Les miroirs de l'esprit (Norman Spinrad)

 



Comme lecture de plage cette année, « Les miroirs de l’esprit » de Norman Spinrad m’est tombé entre les mains.

Sorti en 1980, « Les miroirs de l’esprit » est une œuvre volumineuse d’un écrivain américain connu depuis les années 60 pour ses écrits de science fiction contestataires.

L’histoire se déroule dans le milieu du cinéma à Los Angeles, ou Jack Weller, jeune réalisateur de second plan, se rêve d’un avenir meilleur tandis qu’il cachetonne pour un sitcom enfantin débile mais diffusé sur une grande chaine à une heure de grande écoute.

Sous les conseils de son ami Bob Shumway également dans le milieu des médias, Jack se rend avec sa femme Annie, actrice également dans l’attente d’un rôle majeur, à une soirée promotionnelle organisée par une des nombreuses sectes de la région, le Transformalisme.

Désireux de nouer des précieux contacts professionnels, Jack se déplace à contre cœur, fermant volontairement son esprit à la propagande discrète mais belle et bien réelle du mouvement symbolisé par son charismatique leader, un dénommé John Steinhardt.

La soirée ne tient pas tout à fait ses promesses sur le plan professionnel pour Jack, mais à sa grande surprise, Annie est plus réceptive au discours transformaliste et décide en toute autonomie de se rendre à des formations ou elle peut à loisir s’imprégner du message diffusé par les disciples de Steinhardt.

Les absences d’Annie se font de plus en plus fréquentes et sa mentalité change progressivement avec un discours de plus en plus calqué sur la pensée transformaliste sensé lui apporter bien être et sérénité.

Sentant le danger, Jack réagit de manière instinctive et cherche à protéger sa femme en la tirant des griffes des instructeurs de la secte mais Annie résiste farouchement et n’hésite pas à tenir tête à son mari.

Sa disparition soudaine le plonge dans un profond désarroi et met son esprit combattif en pleine ébullition.

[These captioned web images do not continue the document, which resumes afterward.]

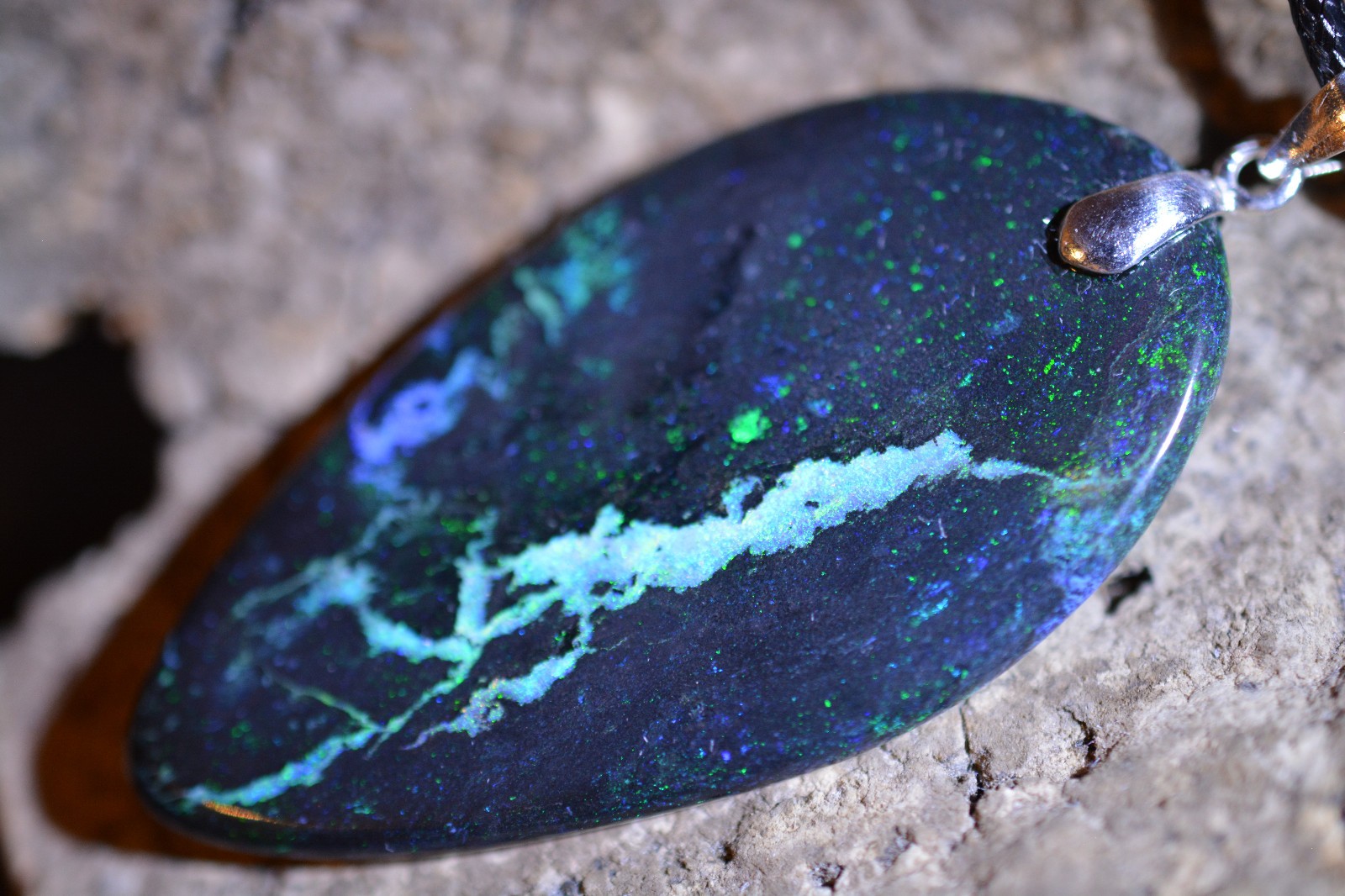 32ct 50x25x4Rare Big Electric Mooka Crystal/Hard Matrix Mix Opal Necklace Australia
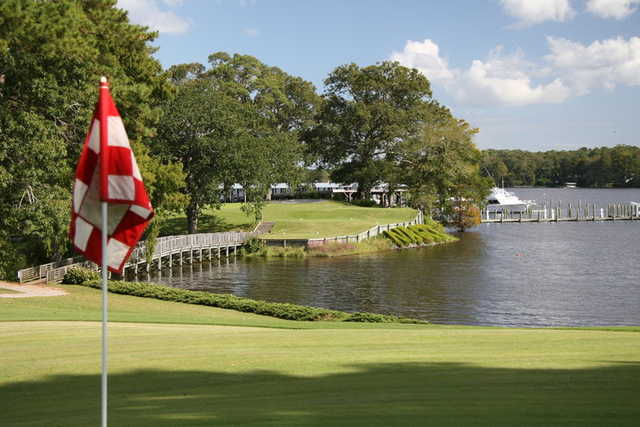New Bern Golf Country Club in New Bern New Bern Golf Country Club in New Bern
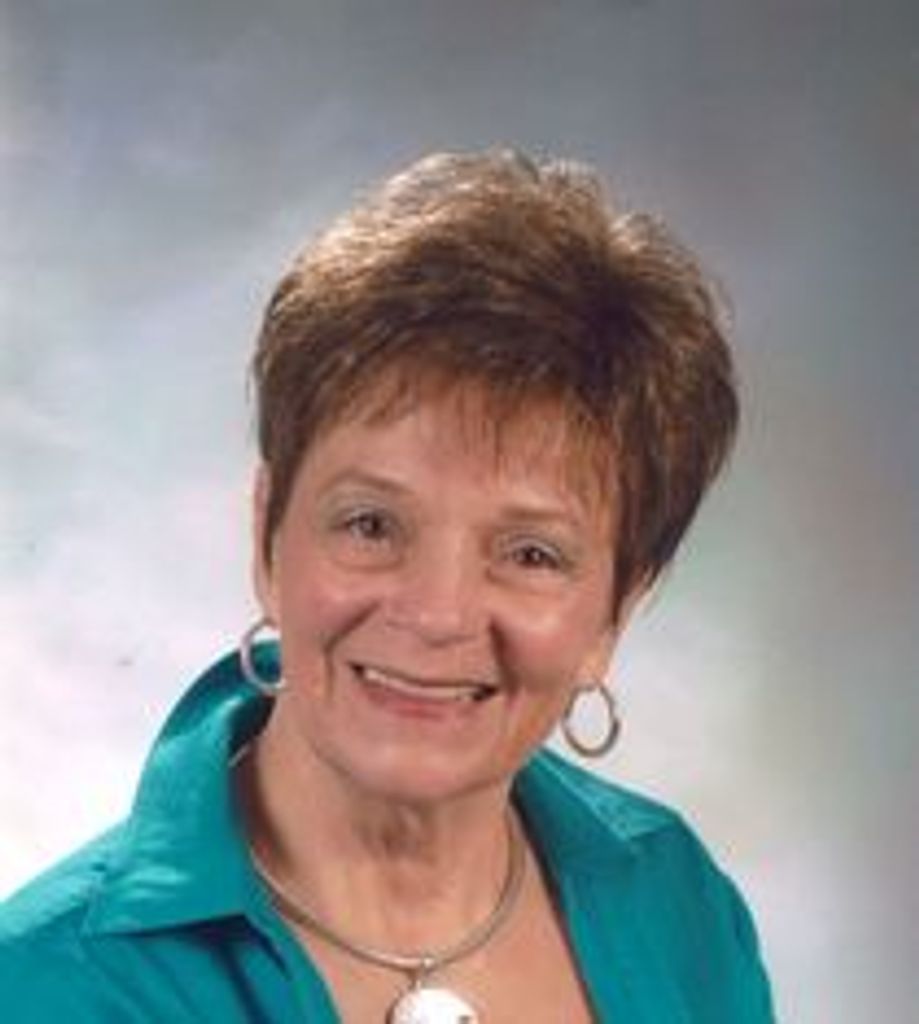 Lois Lloyd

Privilégiant une approche directe et menaçante, Weller parvient à entrer en contact avec un des responsables du Transformalisme, un dénommé Benson Allen qui reste imperméable à ses menaces et refuse de lui dire ou se trouve sa femme.

Poliment mais fermement éconduit, Weller comprend qu’il s’est attaqué à une organisation puissante, possédant beaucoup d’argent, un service juridique redoutable et surtout de précieuses relations qui rendent l’aide de la police et même des média parfaitement inefficace.

Désespéré, Weller entre en contact avec Garry Bailor, un consultant indépendant spécialisé dans l’aide aux particuliers pris dans des sectes.

Mais tout en l’aidant, Bailor lui propose d’intégrer lui-même la secte afin de découvrir ou se trouve Annie.

Personnage cynique et ambigu, Bailor n’inspire pas grande confiance à Weller d’autant plus que ses conseils se paient contre de fortes sommes mais n’ayant pas d’autres solutions, il finit par opter pour ce choix risqué.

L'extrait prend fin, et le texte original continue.